═════ Data section ═════
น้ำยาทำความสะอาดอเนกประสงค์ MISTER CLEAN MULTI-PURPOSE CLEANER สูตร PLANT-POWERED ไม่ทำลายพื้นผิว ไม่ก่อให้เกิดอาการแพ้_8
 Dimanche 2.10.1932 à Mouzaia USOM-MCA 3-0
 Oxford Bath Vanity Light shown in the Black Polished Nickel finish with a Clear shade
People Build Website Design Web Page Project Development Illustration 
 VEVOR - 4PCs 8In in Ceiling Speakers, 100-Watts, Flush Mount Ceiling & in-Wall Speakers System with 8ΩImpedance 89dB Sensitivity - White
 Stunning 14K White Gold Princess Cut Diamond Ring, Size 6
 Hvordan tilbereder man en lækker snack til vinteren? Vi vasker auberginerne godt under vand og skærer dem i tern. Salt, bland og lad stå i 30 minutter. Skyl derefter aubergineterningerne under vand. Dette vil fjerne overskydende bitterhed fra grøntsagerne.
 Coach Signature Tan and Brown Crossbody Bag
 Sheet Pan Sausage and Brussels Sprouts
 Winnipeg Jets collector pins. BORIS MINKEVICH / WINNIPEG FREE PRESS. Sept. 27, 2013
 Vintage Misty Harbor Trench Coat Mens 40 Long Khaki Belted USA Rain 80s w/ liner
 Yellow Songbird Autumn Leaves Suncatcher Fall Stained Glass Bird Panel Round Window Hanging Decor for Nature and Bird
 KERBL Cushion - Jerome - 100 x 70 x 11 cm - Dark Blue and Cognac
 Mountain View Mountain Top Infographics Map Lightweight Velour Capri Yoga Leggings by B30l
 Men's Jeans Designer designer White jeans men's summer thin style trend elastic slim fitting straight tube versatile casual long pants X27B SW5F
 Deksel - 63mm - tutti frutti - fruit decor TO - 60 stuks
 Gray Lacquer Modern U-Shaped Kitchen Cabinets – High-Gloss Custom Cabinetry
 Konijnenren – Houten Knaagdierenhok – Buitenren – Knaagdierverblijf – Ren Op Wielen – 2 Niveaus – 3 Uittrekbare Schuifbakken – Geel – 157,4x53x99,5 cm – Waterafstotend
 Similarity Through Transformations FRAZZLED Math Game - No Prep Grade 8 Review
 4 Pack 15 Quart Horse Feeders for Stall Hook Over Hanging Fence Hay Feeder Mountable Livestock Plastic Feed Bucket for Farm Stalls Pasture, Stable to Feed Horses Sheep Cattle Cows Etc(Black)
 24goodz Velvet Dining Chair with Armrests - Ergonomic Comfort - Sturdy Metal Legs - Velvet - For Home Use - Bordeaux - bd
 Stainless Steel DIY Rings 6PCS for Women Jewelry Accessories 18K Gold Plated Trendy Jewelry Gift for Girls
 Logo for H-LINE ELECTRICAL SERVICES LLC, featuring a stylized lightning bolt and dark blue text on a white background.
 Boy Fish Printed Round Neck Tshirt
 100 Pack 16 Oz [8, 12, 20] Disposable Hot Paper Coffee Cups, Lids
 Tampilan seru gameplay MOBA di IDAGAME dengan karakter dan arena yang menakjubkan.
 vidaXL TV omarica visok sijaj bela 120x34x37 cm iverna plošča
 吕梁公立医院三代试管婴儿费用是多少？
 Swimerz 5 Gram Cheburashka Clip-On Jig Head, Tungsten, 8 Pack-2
═════
• [What to produce]: Word for word, write out all the lines shown above.

• [Result of this task]:
น้ำยาทำความสะอาดอเนกประสงค์ MISTER CLEAN MULTI-PURPOSE CLEANER สูตร PLANT-POWERED ไม่ทำลายพื้นผิว ไม่ก่อให้เกิดอาการแพ้_8
 Dimanche 2.10.1932 à Mouzaia USOM-MCA 3-0
 Oxford Bath Vanity Light shown in the Black Polished Nickel finish with a Clear shade
People Build Website Design Web Page Project Development Illustration 
 VEVOR - 4PCs 8In in Ceiling Speakers, 100-Watts, Flush Mount Ceiling & in-Wall Speakers System with 8ΩImpedance 89dB Sensitivity - White
 Stunning 14K White Gold Princess Cut Diamond Ring, Size 6
 Hvordan tilbereder man en lækker snack til vinteren? Vi vasker auberginerne godt under vand og skærer dem i tern. Salt, bland og lad stå i 30 minutter. Skyl derefter aubergineterningerne under vand. Dette vil fjerne overskydende bitterhed fra grøntsagerne.
 Coach Signature Tan and Brown Crossbody Bag
 Sheet Pan Sausage and Brussels Sprouts
 Winnipeg Jets collector pins. BORIS MINKEVICH / WINNIPEG FREE PRESS. Sept. 27, 2013
 Vintage Misty Harbor Trench Coat Mens 40 Long Khaki Belted USA Rain 80s w/ liner
 Yellow Songbird Autumn Leaves Suncatcher Fall Stained Glass Bird Panel Round Window Hanging Decor for Nature and Bird
 KERBL Cushion - Jerome - 100 x 70 x 11 cm - Dark Blue and Cognac
 Mountain View Mountain Top Infographics Map Lightweight Velour Capri Yoga Leggings by B30l
 Men's Jeans Designer designer White jeans men's summer thin style trend elastic slim fitting straight tube versatile casual long pants X27B SW5F
 Deksel - 63mm - tutti frutti - fruit decor TO - 60 stuks
 Gray Lacquer Modern U-Shaped Kitchen Cabinets – High-Gloss Custom Cabinetry
 Konijnenren – Houten Knaagdierenhok – Buitenren – Knaagdierverblijf – Ren Op Wielen – 2 Niveaus – 3 Uittrekbare Schuifbakken – Geel – 157,4x53x99,5 cm – Waterafstotend
 Similarity Through Transformations FRAZZLED Math Game - No Prep Grade 8 Review
 4 Pack 15 Quart Horse Feeders for Stall Hook Over Hanging Fence Hay Feeder Mountable Livestock Plastic Feed Bucket for Farm Stalls Pasture, Stable to Feed Horses Sheep Cattle Cows Etc(Black)
 24goodz Velvet Dining Chair with Armrests - Ergonomic Comfort - Sturdy Metal Legs - Velvet - For Home Use - Bordeaux - bd
 Stainless Steel DIY Rings 6PCS for Women Jewelry Accessories 18K Gold Plated Trendy Jewelry Gift for Girls
 Logo for H-LINE ELECTRICAL SERVICES LLC, featuring a stylized lightning bolt and dark blue text on a white background.
 Boy Fish Printed Round Neck Tshirt
 100 Pack 16 Oz [8, 12, 20] Disposable Hot Paper Coffee Cups, Lids
 Tampilan seru gameplay MOBA di IDAGAME dengan karakter dan arena yang menakjubkan.
 vidaXL TV omarica visok sijaj bela 120x34x37 cm iverna plošča
 吕梁公立医院三代试管婴儿费用是多少？
 Swimerz 5 Gram Cheburashka Clip-On Jig Head, Tungsten, 8 Pack-2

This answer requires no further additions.